§ **RECORD EXCERPTS**
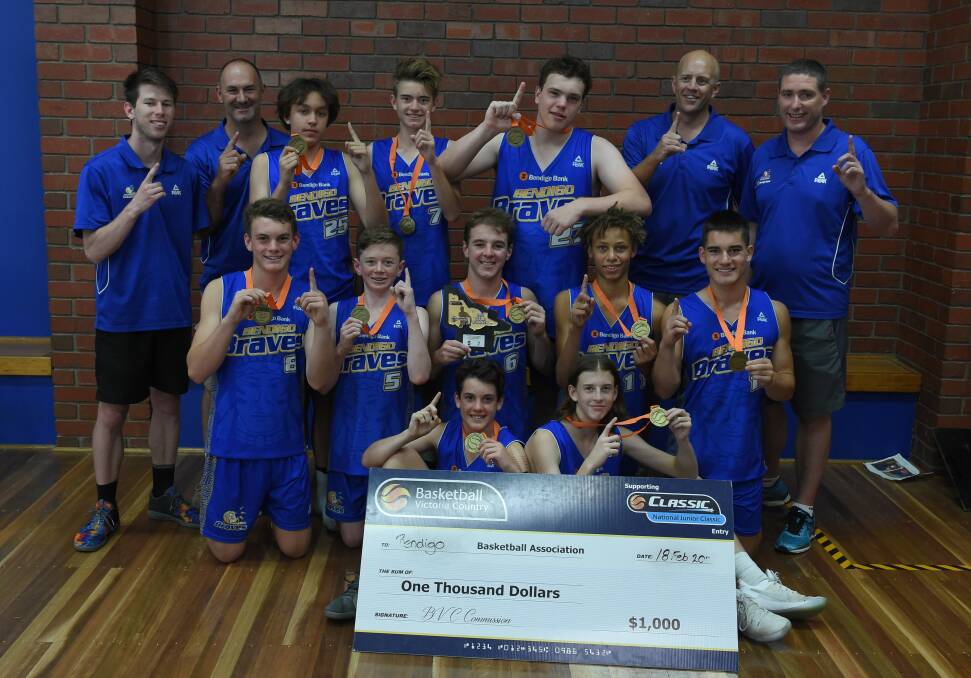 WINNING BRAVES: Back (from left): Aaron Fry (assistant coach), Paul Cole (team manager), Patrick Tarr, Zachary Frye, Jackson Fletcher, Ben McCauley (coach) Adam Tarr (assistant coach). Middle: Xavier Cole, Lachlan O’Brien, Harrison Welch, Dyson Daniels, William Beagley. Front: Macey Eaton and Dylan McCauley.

...

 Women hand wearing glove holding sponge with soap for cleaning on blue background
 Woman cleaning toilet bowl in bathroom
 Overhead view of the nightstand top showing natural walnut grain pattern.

§ **HOW TO COMPLETE THIS TASK**
Wherever the string "cleaning" occurs in the listing, return the line it sits on.

§ **EXERCISE ANSWER**
 Women hand wearing glove holding sponge with soap for cleaning on blue background
 Woman cleaning toilet bowl in bathroom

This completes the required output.